Зафиксировав границы языковой реальности, Рубинштейн в более поздних картотеках тем не менее упорно пытается пересечь их. Начиная с таких текстов, как «Маленькая ночная серенада» (1982) и «Условия и приметы» (1983), и продолжая в таких композициях, как «Привычка из всего делать трагедию» (1986), «Домашнее музицирование» (1986) и «Всюду жизнь» (1987), Рубинштейн разрабатывает несколько иную стратегию письма. Во всех этих текстах ассамбляж абстрактных лингвистических структур, дискурсивных обломков, речевых сегментов и т. п. предстает в качестве интегральной метафоры жизни, понимаемой как хаос знаков, либо уничтожающих друг друга, либо рождающих случайные и абсурдные комбинации, лишенные какой бы то ни было упорядоченности и фокусировки. Различные попытки определить смысл «всего этого» неизбежно приводили к категориям смерти, исчезновения, бессмыслицы и молчания.
В этих текстах Рубинштейн, в сущности, уравнял «нерепрезентируемое» со смертью. Соответственно оборванные, незавершенные или же разломанные на части высказывания, из которых складывались эти тексты, становились знаками вечно «отложенного на потом», всегда отодвинутого и в конечном счете забытого смысла жизни: существование в этих композициях и оказывалось процессом откладывания реализации смысла до самой смерти. К примеру, в финале «Маленькой ночной серенады» смерть оформлялась и артикулировалась именно благодаря (все более бессмысленным) попыткам сформулировать смысл жизни:
85. Человек не может житьБез того, чтоб не страдать!
86. Человек не может жить,Если нету у него!
87. Человек не может житьБез того, чтоб умереть!
88. Человек не может жить!Человек не может жить!
89. (Аплодисменты).
А фигура смерти, в свою очередь, немедленно предполагает признание бессмысленности текста:
90. — Непонятно.91. — Что непонятно?92. — Да ничего не понятно!93. — Что значит ничего?94. — То и значит. Непонятно и все.95. — Странно.
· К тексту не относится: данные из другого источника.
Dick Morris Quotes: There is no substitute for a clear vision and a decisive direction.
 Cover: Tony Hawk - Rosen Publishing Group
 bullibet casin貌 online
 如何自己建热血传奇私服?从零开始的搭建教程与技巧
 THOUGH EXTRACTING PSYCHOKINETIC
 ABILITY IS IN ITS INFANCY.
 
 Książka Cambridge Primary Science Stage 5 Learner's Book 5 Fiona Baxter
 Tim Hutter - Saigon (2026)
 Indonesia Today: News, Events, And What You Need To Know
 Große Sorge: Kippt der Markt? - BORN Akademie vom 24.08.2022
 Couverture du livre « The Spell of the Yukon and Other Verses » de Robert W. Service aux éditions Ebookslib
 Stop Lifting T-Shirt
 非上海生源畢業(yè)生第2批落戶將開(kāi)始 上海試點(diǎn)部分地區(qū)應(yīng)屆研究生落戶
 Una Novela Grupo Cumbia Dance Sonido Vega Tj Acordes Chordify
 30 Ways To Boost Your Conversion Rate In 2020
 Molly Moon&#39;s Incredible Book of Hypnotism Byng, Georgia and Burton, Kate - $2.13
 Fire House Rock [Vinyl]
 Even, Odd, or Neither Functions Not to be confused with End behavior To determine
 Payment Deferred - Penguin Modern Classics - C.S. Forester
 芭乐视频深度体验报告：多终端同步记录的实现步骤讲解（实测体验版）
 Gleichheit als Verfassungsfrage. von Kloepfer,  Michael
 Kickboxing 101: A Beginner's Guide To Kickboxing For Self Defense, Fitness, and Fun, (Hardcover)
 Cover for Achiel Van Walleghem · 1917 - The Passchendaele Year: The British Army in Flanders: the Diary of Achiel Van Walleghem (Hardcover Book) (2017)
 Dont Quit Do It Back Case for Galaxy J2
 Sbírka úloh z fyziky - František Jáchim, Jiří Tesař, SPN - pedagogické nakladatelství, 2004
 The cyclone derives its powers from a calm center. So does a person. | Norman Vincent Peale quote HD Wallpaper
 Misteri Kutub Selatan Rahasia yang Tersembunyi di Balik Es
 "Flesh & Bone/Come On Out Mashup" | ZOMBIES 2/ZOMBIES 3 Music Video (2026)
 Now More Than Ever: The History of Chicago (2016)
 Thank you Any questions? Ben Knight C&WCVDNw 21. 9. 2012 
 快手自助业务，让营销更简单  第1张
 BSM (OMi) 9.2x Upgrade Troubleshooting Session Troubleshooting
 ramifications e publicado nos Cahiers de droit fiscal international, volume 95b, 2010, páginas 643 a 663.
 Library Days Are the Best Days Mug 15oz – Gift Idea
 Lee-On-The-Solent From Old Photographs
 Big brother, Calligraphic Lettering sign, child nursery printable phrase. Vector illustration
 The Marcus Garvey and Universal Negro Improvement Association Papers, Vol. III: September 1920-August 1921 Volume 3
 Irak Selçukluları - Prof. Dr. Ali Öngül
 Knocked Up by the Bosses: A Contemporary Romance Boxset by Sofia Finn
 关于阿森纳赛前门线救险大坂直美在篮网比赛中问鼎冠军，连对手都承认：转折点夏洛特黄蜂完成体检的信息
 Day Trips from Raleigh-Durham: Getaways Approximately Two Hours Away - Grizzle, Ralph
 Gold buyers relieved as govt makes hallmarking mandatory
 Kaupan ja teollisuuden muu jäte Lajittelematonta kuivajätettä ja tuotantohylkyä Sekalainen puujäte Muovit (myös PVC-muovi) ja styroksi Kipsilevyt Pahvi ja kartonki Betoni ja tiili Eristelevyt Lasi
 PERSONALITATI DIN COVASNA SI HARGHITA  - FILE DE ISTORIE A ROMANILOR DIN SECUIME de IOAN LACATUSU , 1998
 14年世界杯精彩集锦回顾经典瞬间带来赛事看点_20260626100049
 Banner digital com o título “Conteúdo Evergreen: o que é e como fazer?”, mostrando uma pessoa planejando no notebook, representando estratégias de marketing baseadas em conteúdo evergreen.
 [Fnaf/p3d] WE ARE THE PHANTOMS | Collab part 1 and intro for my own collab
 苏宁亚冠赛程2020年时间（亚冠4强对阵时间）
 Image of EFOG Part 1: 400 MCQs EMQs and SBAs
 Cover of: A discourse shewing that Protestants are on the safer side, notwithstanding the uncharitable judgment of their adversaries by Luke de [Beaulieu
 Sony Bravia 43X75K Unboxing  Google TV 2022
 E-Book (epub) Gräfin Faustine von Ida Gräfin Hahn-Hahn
Впрочем, взаимная симметрия текстуальной и экзистенциальной бессмысленности снимает напряжение, порождая внезапную разрядку:
96. (Долгая пауза)97. (Аплодисменты)
Замещая экзистенциальное отчаяние его дискурсивным эквивалентом («непонятно»), Рубинштейн одновременно придает экзистенциальное значение своим, казалось бы, сугубо формальным ритмическим экспериментам. Динамика текста в композициях 1980-х нацелена на создание ритмической инерции, которая не отпускала бы и по окончании текста, тем самым выводя если не автора, то хотя бы читателя за пределы дискурсивности, за границы репрезентации. Эта тема возникает уже в «Дружеских обращениях 1983 года» — «картотеке», включающей в себя, например, следующий фрагмент: «После времен, о которых сказано, что они последние, могут последовать и иные, о которых не знаешь, что и сказать». Конечно, нетрудно увидеть в этих строчках интуицию конца советской цивилизации. Но социальное здесь неразделимо сплетается с экзистенциальным.